The world is undergoing a significant change in how decisions are made and implemented, and, processes are completed. Historically, decisions were influenced by factors such as experience, organizational politics, external realities, priorities, constraints, risk, and education. With the advent of Artificial Intelligence (AI), the internet of things producing a deluge of real time data, real time metrics, virtual teams, and, bots (software) that can perform processes on our behalf, are we witnessing the end of organizational decision making involving insights (drawn from experience), creativity, and innovation? Is it possible we will see a day in which bots make and implement all business decisions?
In my conversations with MBA students in a wide variety of industries the impact of technology on decision making is a keen topic of interest. Since AI hasn’t taken over decision making yet, decision making is evolving to merge domain theories (for example, marketing or finance theories and concepts), insights drawn from experience, real time data, humanistic perspectives along with social good priorities such as ethics and the environment.
Perhaps it’s the mash up of theories, data and experience that leads to creativity and innovation? For many people, they need to form a system level understanding of how data, theories and experience along with implementation realities interact as a foundation for making their insights, observations and conclusions. In other words, they need a deep or “gut” level understanding before their mind has that desired creative burst resulting in an insight.

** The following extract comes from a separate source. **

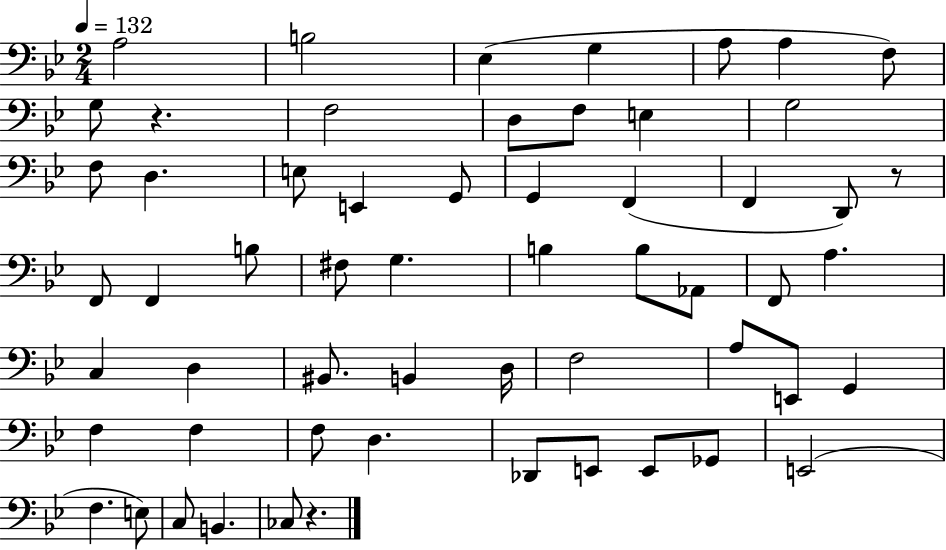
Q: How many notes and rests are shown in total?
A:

This gut level understanding can be derived in a variety of ways, for example, learning many different theories, ideas and perspectives or investigating problems and solutions that are done in other fields, for example, accountants learning about the issues and solutions that lawyers have. Another way is through structured business cases. Cases are time compressed experiences but have a limitation in that they tend to have only one decision point and not a series of integrated decision points where the choice of one decision impacts the possibilities of the next decision. However, simulations do have this potential, in addition, simulations can combine the humanistic and people issues in the decision environment. Creating such simulations is an area of interest of mine and why I co-founded experientialsimulations.com as a mechanism to give students that “gut” level of understanding of topics such as project management and entrepreneurship. Until the day that we need to pay homage to our robot overlords, I see a continuing potential for human creativity derived from mashing data, theories and experience gained from real world and simulated activities.